C’est Mgr Pallu qui, après des voyages incessants et des enquêtes, va informer Rome et faire condamner cette adaptation aux mœurs et aux rites païens qui était en train de gangrener l’Église missionnaire d’Asie. Il comprit aussi le caractère providentiel de l’intervention française et de la nécessaire entente entre mission et colonisation comme remède à ces maux. Dans un mémoire adressé aux directeurs de la Compagnie des Indes dès 1667, Mgr Pallu souhaitait que, par son établissement dans les Indes, cette Compagnie aide à la conversion de ces peuples qui, « recevant la foi, s’assujettiront avec moins de répugnance aux lois des Français, en sorte que, peu à peu, se naturalisant par la religion à nos mœurs, ne composeront plus qu’un même peuple avec eux, et n’ayant plus qu’un même Dieu ne reconnaîtront plus aussi que le seul roi de France. » (Lettres de Mgr Pallu, Les Indes Savantes, 2008, p. 596) N’est-ce pas déjà le Père de Foucauld ?

Une autre fois, il écrira : « Qui sait si Dieu ne veut point se servir de la France pour la réforme des Indes, ayant inspiré au Roi le dessein d’y établir une compagnie (la Compagnie des Indes de Colbert) et nous la pensée de nous y venir victimer ; étant nécessaire que l’un et l’autre se rencontrent et qu’ils soient très unis pour travailler à ce dessein. Au moins peut-on dire que c’est le seul moyen qui se présente maintenant pour porter quelques secours dans beaucoup de lieux des Indes, où tout est dans une épouvantable corruption. » (Lettre du 8 janvier 1672)

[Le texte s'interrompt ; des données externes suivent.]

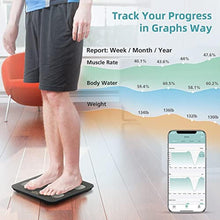 Load image into Gallery viewer, Comfier Smart Body Fat Scale, Accurate Digital Bathroom Scale for Body Weight and Fat, LED Display &amp; App Monitor Weighing Machine for Fat Water Muscle BMI,14 Body Compositions Analysis,400lbs,Black_932
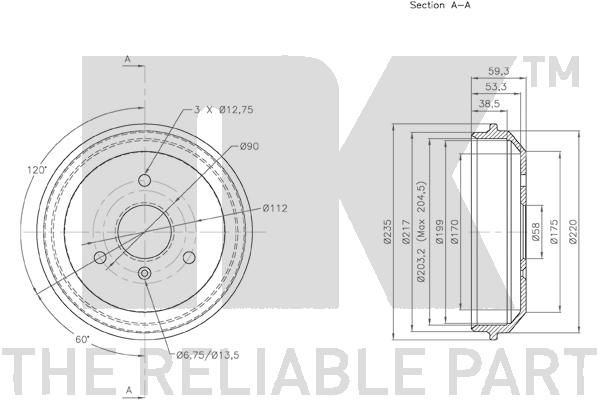 Brake Drum Rear Fits Smart Cabrio City-Coupe Crossblade Fortwo NK 253302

Hélas, Mgr Pallu ne trouvera pas de soutien dans Colbert et Louis XIV étant au même moment opposé au pape Innocent XI, cela va nuire aux missions étrangères qui dépendaient étroitement du Pape et profiter aux jésuites intrigants. Alors, quand l’ordre catholique royal est absent ou défaillant, que ce soit dans les pays de mission, ou même dans leur pays d’origine, la seule solution catholique qui se présente aux missionnaires, c’est de subir la persécution et le martyre.

– III – 
L’ÉGLISE MISSIONNAIRE FÉCONDE 
PAR LE MARTYRE ET LA CROISADE

Car elle prêche d’abord la Croix du Christ. La première chose que plante un missionnaire ou un conquérant, comme Christophe Colomb, Cortès, c’est la Croix, car le salut est donné par la Croix du Christ. Planter l’Église, c’est d’abord planter la croix, les missiologues l’ont totalement oublié dans leurs études. Et lorsqu’on ne plante pas la Croix, on prêche la mondanité du diable disait le pape François, tandis que prêcher la croix, cela mène à la réaction hostile des païens, mais produit aussi des fruits de conversion.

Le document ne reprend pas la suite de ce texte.